For the West Campus center, our MEP designers remapped electrical wiring and low voltage cabling. We also added more wall outlets and power drops to better utilize open space to keep the staff, students, and all their devices, connected.

As for the lighting, our design aimed to save utility costs without sacrificing the lumens needed to minimize eye strain and keep the space inviting and functional.

 

 

Improved Climate Control

Retrofitting the existing heating, ventilation, and air-conditioning (HVAC) system, rather than completing a total replacement, was necessary to fit the project budget. We analyzed each air-handling unit to ensure it would properly distribute the HVAC load, an essential step for efficiency.

Next, we designed a way to connect the HVAC network of ducts and returns to the newly renovated space.

Carter Johnson, one of our senior MEP engineers, designed the connections without the aid of original building plans (a common situation with renovations).

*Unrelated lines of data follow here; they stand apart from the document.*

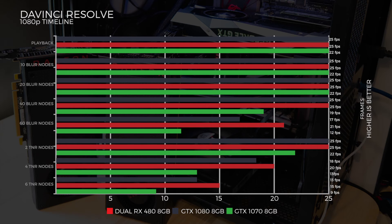Onto one of the most demanding tests - TNR nodes. At two TNR nodes, both the 1080 and dual RX 480s got 25 frames per second, with the 1070 lagging at 22. At four TNR nodes, the 1080 got 18 frames, dual RX 480s 20 frames, and the 1070 13 frames. At six TNR nodes, the dual RX 480s led at 15 frames, the 1080 at 13 frames, and the 1070 at 9 frames per second.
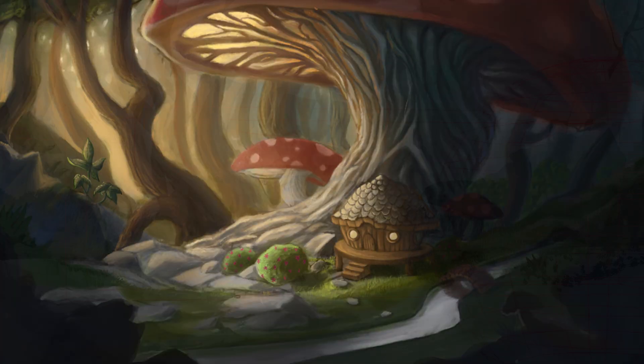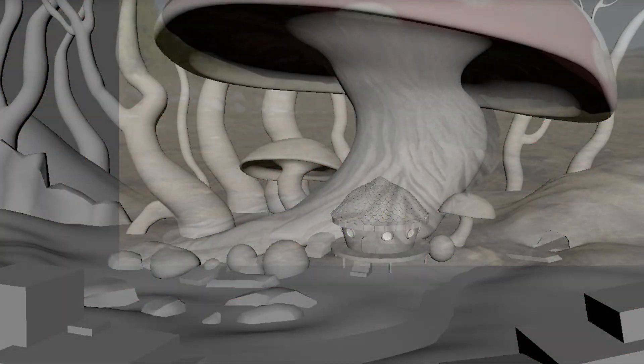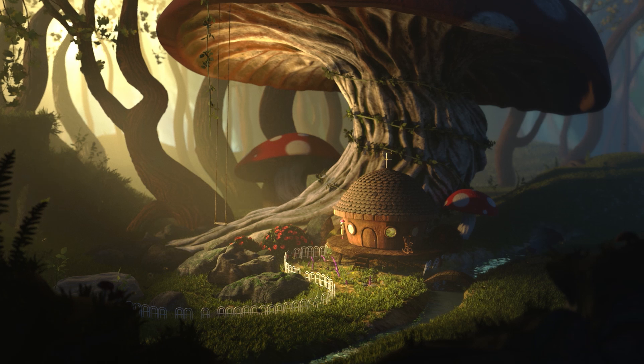My favorite part of it was the compositing, where you take all the different 3D and 2D layers and paintings and you mash them together and you fix the levels and it just finally comes together as a final stage and it's just so satisfying and really fun.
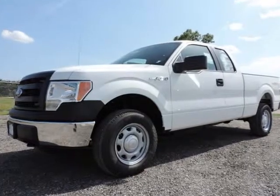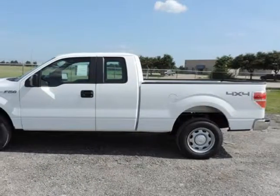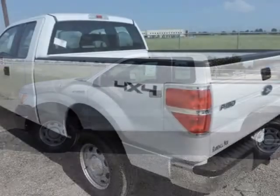We think you will love this new 2014 Ford F-150 four-wheel drive SuperCab 163 inches XLE, comes fully equipped with traction control and many other features.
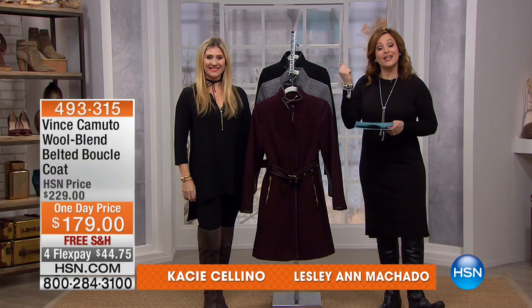Shopping with us here at HSN, I'm your host Leslie, joined by Casey Salino, our Director of Marketing for the Vince Camuto Brand and Collection.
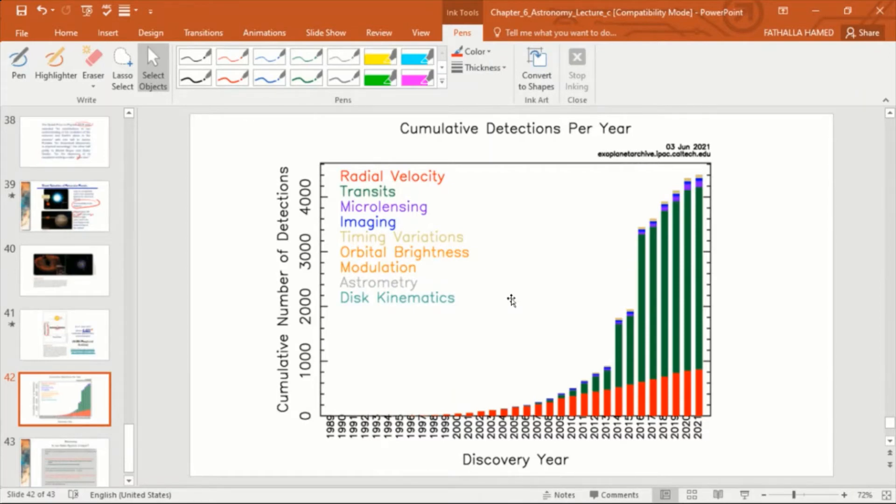The number of confirmed exoplanets is increasing and techniques will continue to improve. Our solar system, regarded as a planetary system, is not unique — there are other planetary systems. The key question is: is there any situation resembling our own, where a planet is in the habitable zone meaning it can support life?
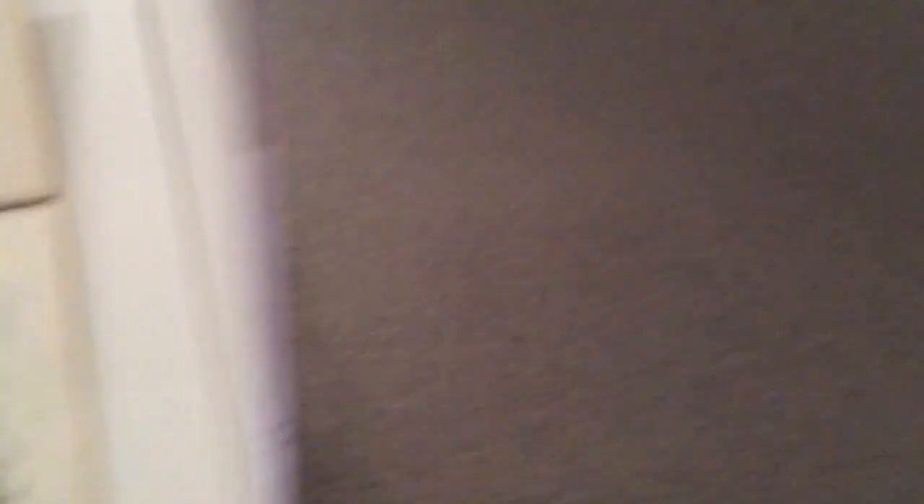So we are seeing Richard Diebenkorn's sketchbook — those very, very private and intimate works. We are just so blessed to have this opportunity to see such an intimate collection of artworks.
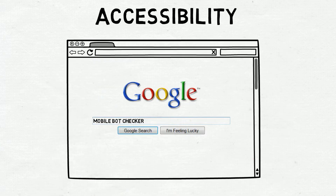Accessibility. Make sure Google's mobile bots can access your website. If Google can't see it, it might as well not even be there.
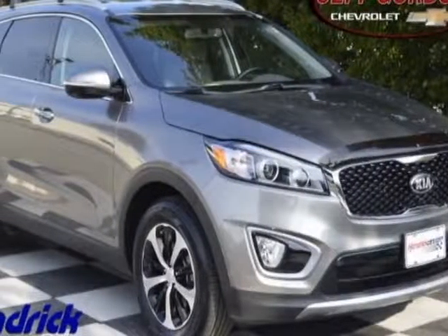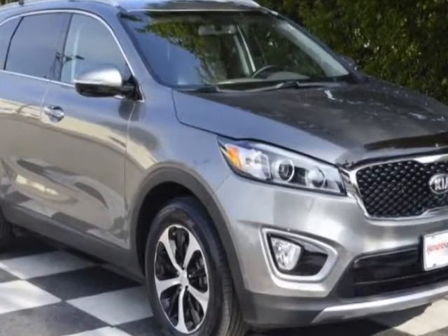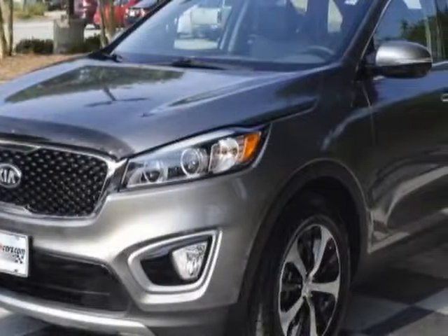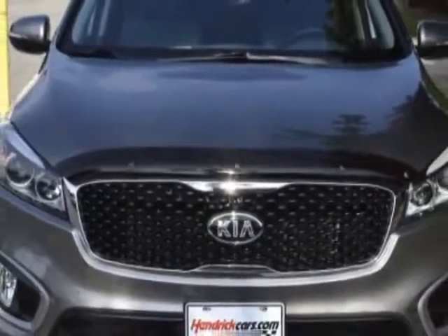Take a look at this 2016 Kia Sorento. Carfax has certified the Sorento as having one owner. The Sorento has just under 20,500 miles. For your protection, this vehicle has a factory warranty.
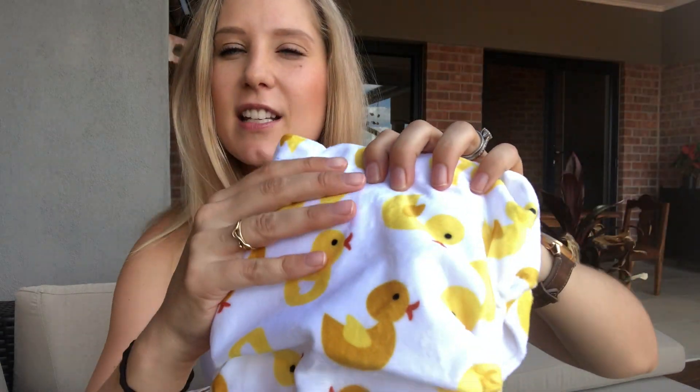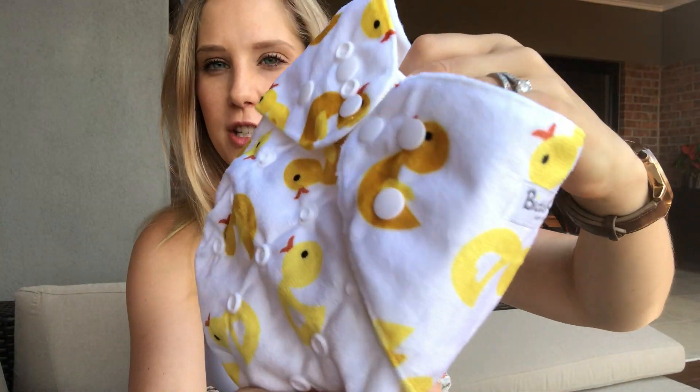The last nappy has a texture called minky — if you've felt it, it is super, super soft. The pattern on the website does change over time and they get new prints in. This one has the cutest little ducks on it. It's also an all-in-one nappy, same as the previous one. I really, really love it.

He popped ceiling tiles, drew sketches, and sleuthed out the hidden air distribution system. Ultimately, however, the process involved a bit of highly educated guesswork.

“When the contractor comes in with the sledgehammer, we find out if we were right,” Dustin said before breaking into a smile, “there were no surprises – we were right.”

 

 

Removing Barriers

TCC dedicated its beautifully renovated West Campus center in late 2021. The updated facility – funded by a $1 million gift from the Hardesty Family Foundation – provides a central location where students discover career pathways, secure scholarships and financial aid, and enroll in classes.

Instead of being stopped by a row of counters and long lines, students now easily and quickly navigate the center to obtain the help they need.

“Every effort to remove a barrier, either physical or financial, increases student success and the number of graduates,” Dr. Leigh Goodson, TCC president and CEO, said at the West Campus center dedication.

Olsson is proud of our role in improving TCC’s West Campus facility and the two centers to follow. We are dedicated to making sure the reinvented spaces are as hard-working and successful as the college’s students and staff.